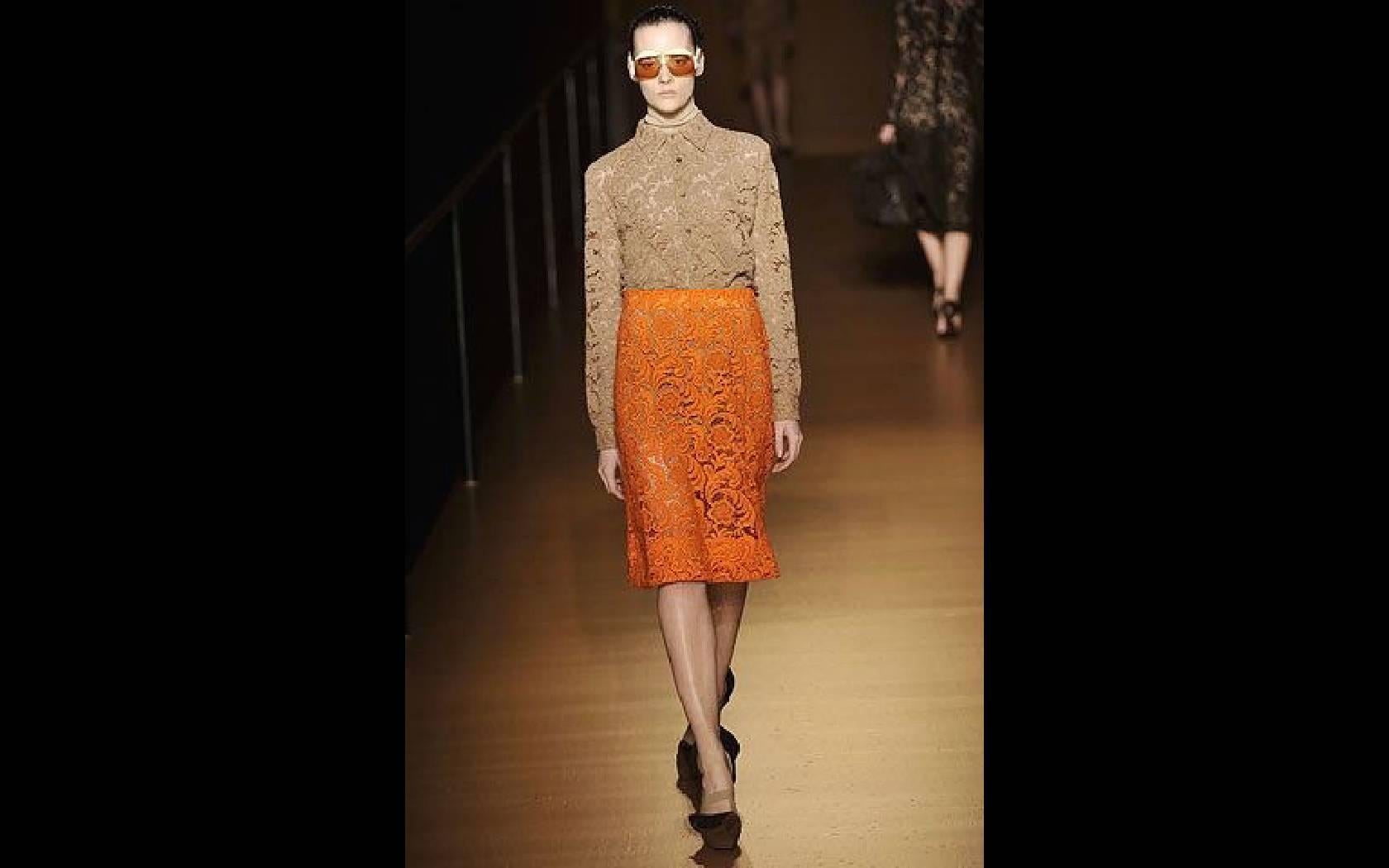 F/W 2008 Orange Guipure lace skirt by Prada.

The skirt is unlined and closes at the left side with four snaps and a large hook and eye. 
The waist is finished with  grosgrain ribbon. Comes with a silk Prada slip. 

Size estimate: S
Size: 36
Waist:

══════

**Your goal**.
Whenever the string "with" occurs in a line of the entries above, copy that line.

**Response to the task**.
The skirt is unlined and closes at the left side with four snaps and a large hook and eye. 
The waist is finished with  grosgrain ribbon. Comes with a silk Prada slip. 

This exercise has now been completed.